As for metalogic or metamathematics we must never forget that all results are themselves necessarily formalizable within certain recursive-axiomatic systems (including the very same system as the object system). Thus metalogic and metamathematics is just the study of formal reflections of systems into each other as well as self-reflection.  However knowledge and computation in recursive-axiomatic systems presupposes always a logical system at least as strong as monadic second-order logic. 

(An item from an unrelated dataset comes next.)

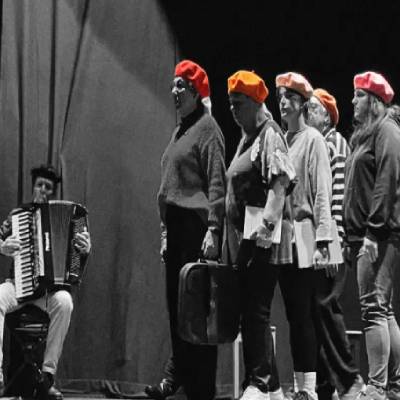 'Con la maleta a cuestas'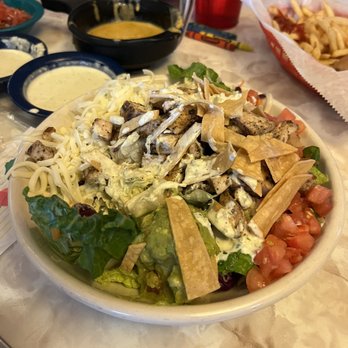 Chuy's - Taco salad with fajita chicken - Mexican Near Me - Round Rock, Texas Chuy's - Taco salad with fajita chicken - Mexican Near Me - Round Rock, Texas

Hume's Treatise contains the following logical observations (when discussing causality): from the fact that every husband has a wife it does not follow that every man has a wife. Let $M(x,y)$ be the marriage (husband-wife) relation between a man $x$ and woman $y$. Then $Husband(a) \equiv \exists x M(a,x)$ and $Wife(a) \equiv \exists y M(y,a)$. Certainly $\forall x Husband(x) \rightarrow \exists y M(x,y)$ and $\forall x Wife(x) \rightarrow \exists y M(y,x)$. But it does not follow that $\forall x \exists y M(x,y)$.

Addendum on Aristotle:

We should examine the logic in Book V of Euclid which is supposed to be a presentation of Eudoxus' general theory of analogy. There are quaternary predicates involved $A(a,b,c,d)$  (expressing that $a$ is to $b$ as $c$ is to $d$) which have purely universal definitions. How much of Book V could be derived without $\exists$-rules ? 

What about monadic second-order logic ? Is this Aristotle's metalogic in the Analytics ? For instance what is the enunciation of Barbara (ignoring the existence condition) but

\[  \forall P,Q,R (\forall x(Px \rightarrow Qx) \& \forall x(Qx \rightarrow Rx) \rightarrow \forall x(Px \rightarrow Rx))  \]

How can this logic represent the logic of relations and multiple generality (we already know Prawitz's answer for full-second order logic representing first-order existential quantification) ?  That is, could we argue that ancient logic dealt with multiple generality through some kind of second-order monadic logic (perhaps with some basic binary relations) ? 

Or else Aristotle could have worked with the classical equivalence between $\exists$ and $\sim\forall\sim$.  

That is with natural deduction for classical predicate logic but without the rules for $\exists$. Instead use is made of the derivable Hilbertian axiom-schemes together with modus ponens (that is the simplest way to transform a proof using $\exists$-rules into one without them: $\phi(a) \rightarrow \exists x\phi(x)$ and \[\forall x(\phi(x) \rightarrow A) \rightarrow (\exists x\phi(x) \rightarrow A)\] where $x$ is not free in $A$. To prove this one can use the contrapositive of \[(\forall x\phi(x) \vee A) \rightarrow \forall x(\phi(x) \vee A)\]

For instance from the definition $Gxy \equiv \exists z(Rxz \& Rzy)$ and axiom $\forall x\exists y Rxy$ to derive $\forall x\exists y Gxy$, that is, show that \[ \forall x \sim \forall y \sim Gxy \] With Galen's hypothetical syllogism and the logic of the Topics and the proper theory of negation and conversion Aristotle had the full power of classical first-order logic - but we must deal with the problem of nested quantifiers vs.  prenex normal form.